Audrey Huber practically levitated across the stage on the day she received her high school diploma — handed to her with great pride by her daughter, ReNae Bowman.
Graduating, at age 73, was her mother's crowning achievement, Bowman said. It didn't matter that she'd earned a Graduate Equivalency Degree, that it took her a couple of years, or that she went to school along with a diverse set of poor and immigrant adults who were all trying to better themselves, Bowman said. Huber was finally able to overcome what had been a long-held secret shame. She had never graduated from high school.
"My mother, being the woman she was, ended up friends with all these people," said Bowman. "They would bring her food native to their culture. They all adopted each other."
Huber died Dec. 28. She was 87.
Huber was born and raised on the North Dakota prairies, and she lived a life typical of farm families of that time and place.

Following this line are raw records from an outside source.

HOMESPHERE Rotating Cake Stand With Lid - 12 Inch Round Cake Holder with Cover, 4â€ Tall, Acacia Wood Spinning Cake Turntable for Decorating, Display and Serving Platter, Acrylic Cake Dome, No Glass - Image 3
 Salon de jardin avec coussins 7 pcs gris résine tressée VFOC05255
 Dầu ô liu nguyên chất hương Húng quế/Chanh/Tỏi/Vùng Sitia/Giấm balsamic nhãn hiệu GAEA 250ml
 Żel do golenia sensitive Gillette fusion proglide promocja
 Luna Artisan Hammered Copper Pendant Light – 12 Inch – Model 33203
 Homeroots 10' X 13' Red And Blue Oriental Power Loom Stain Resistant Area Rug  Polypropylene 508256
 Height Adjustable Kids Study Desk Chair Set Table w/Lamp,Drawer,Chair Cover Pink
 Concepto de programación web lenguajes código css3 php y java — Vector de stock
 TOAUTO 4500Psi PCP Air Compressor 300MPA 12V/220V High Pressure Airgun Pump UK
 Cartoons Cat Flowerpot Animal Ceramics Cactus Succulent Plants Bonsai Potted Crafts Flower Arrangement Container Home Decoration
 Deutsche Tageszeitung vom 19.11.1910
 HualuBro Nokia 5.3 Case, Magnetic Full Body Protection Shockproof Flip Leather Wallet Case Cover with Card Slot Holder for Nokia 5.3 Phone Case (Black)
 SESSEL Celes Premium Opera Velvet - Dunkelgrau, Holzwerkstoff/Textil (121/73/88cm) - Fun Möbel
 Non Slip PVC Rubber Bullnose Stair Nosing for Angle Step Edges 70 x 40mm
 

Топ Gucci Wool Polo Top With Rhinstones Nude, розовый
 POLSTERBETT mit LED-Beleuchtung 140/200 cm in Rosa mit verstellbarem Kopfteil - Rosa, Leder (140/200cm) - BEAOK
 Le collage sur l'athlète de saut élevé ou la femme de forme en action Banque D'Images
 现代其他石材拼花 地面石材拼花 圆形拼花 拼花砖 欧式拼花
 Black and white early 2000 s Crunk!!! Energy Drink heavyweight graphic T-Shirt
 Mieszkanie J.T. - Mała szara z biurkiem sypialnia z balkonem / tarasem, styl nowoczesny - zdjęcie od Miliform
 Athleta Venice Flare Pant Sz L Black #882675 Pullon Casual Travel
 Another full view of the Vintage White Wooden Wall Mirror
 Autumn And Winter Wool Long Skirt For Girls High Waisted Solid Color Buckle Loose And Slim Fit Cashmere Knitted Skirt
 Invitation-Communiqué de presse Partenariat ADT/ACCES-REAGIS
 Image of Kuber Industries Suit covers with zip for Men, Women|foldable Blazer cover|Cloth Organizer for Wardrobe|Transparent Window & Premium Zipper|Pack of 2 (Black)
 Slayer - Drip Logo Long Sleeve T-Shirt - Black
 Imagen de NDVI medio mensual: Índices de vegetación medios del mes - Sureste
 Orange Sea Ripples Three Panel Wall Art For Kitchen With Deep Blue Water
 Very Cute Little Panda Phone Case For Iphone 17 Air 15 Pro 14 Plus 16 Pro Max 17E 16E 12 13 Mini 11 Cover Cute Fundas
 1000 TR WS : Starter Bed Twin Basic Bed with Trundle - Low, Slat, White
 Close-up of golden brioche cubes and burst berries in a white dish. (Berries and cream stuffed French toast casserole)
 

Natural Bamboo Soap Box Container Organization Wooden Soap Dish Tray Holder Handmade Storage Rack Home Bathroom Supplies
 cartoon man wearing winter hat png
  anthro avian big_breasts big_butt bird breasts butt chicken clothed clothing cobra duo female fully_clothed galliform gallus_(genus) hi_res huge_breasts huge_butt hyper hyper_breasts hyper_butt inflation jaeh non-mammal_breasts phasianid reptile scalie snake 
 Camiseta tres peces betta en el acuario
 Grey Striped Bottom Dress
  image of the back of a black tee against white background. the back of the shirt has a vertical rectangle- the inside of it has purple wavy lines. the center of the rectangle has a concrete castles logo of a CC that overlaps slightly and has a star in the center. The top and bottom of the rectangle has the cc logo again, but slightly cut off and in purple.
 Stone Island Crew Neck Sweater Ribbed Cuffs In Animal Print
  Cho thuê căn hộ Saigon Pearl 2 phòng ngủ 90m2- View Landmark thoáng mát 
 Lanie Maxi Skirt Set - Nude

She started school (and on her first day came home to announce she had met the man she would marry — Dale Huber), but quit after eighth grade to work.
While her future husband (he didn't know that at the time) went on to high school, a rare privilege for kids then, she helped a neighboring farm wife in the kitchen and with her kids.
Years later, after Dale Huber returned from serving in World War II, they met again at a dance. Two years later her first-grade prediction came true, and eventually became family lore.
They moved to Minnesota in 1950 and built a house in Golden Valley, where Dale Huber started Huber Heating and Plumbing, the business that his sons still run today. And, later, Audrey started a beauty salon business.